- GBP/USD is expected to remain relatively stable before the UK GDP announcement on Tuesday.
- With the potential for a government shutdown looming, traders are being cautious.
- President Trump has indicated that a failure to secure funding from Congress could lead to significant job cuts across federal agencies.
GBP/USD is unlikely to see much movement following two days of gains, hovering around 1.3440 during the Asian trading session on Tuesday. The pair appears to be in a holding pattern ahead of the UK’s second quarter Gross Domestic Product (GDP) results, set for release at 06:00 GMT. Market expectations are for growth to be steady at 0.3% quarter-on-quarter and 1.2% year-over-year.
Traders are particularly attentive due to concerns that the upcoming US employment report may be delayed, coupled with fears of potential government funding issues and shutdowns. There’s keen interest in various labor market indicators, including September’s non-farm payrolls, job openings, private wage growth, and ISM manufacturing PMI data.
President Trump has cautioned that unless Congress approves funding measures, major job cuts across federal employment could be inevitable, heightening concerns about operational disruptions within the government.
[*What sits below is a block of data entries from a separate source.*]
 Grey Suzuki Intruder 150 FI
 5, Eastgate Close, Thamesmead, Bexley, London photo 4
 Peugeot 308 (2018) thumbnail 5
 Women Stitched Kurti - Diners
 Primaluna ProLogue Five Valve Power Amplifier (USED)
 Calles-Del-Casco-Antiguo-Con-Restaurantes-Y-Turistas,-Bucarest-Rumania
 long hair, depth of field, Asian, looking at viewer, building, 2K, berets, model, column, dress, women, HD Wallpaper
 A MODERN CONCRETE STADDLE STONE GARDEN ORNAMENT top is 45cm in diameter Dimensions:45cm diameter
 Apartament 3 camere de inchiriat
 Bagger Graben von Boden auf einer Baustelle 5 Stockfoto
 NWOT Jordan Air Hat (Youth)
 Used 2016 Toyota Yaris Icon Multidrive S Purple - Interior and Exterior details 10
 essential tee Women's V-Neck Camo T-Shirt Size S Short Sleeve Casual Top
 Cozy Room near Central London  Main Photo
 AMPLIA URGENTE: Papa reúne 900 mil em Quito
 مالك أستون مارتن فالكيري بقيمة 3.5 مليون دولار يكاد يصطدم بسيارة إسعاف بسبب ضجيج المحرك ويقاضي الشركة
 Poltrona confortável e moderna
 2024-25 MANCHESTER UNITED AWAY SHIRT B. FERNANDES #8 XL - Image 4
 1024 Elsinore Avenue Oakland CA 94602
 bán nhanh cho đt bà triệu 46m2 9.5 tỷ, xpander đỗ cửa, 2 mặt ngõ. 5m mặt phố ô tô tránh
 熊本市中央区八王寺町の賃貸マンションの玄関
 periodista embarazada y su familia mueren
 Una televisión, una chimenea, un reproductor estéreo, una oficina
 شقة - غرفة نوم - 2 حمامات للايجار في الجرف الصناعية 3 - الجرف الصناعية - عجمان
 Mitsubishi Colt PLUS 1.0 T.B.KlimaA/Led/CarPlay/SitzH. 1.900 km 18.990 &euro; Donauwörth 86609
Market volatility has been exacerbated by Trump’s announcement of plans to impose 100% tariffs on imported branded or patented drugs starting October 1, unless these companies establish production facilities in the US. Additionally, he has proposed a 50% tariff on kitchen cabinets and bathroom vanities, alongside a 25% tariff on trucks.
Pound Sterling FAQ
Pound Sterling (GBP), established in 886 AD, is the world’s oldest currency and serves as the official currency of Britain. As of 2022, it stands as the fourth most traded currency globally, making up about 12% of all forex transactions with a daily trading volume around $630 billion. Its primary pairing is GBP/USD, known as “cable,” which constitutes 11% of the forex market, followed by GBP/JPY (“dragon”) at 3% and EUR/GBP at 2%. The currency is issued by the Bank of England (BOE).
The Bank of England’s monetary policy significantly influences the value of the pound. The BOE aims for “price stability,” targeting an inflation rate close to 2%. Adjustments in interest rates serve as the main tool for achieving this. If inflation rises too high, the BOE may raise rates to control it, which generally enhances GBP’s appeal to global investors. Conversely, lower inflation could prompt the BOE to lower rates, making borrowing cheaper to stimulate growth.
Economic data plays a vital role in assessing the health of the economy and thus can impact the pound’s value. Indicators like GDP, manufacturing and services PMI, and employment figures are crucial. A robust economy typically attracts foreign investment and may lead the BOE to increase interest rates, boosting GBP. Weak economic data, however, may weaken the pound.
The trade balance is another key indicator for Pound Sterling. It measures the difference between a country’s earnings from exports and its expenditures on imports over a specified period. A favorable trade balance, where exports significantly outpace imports, tends to strengthen the currency, as foreign buyers seek to purchase those goods.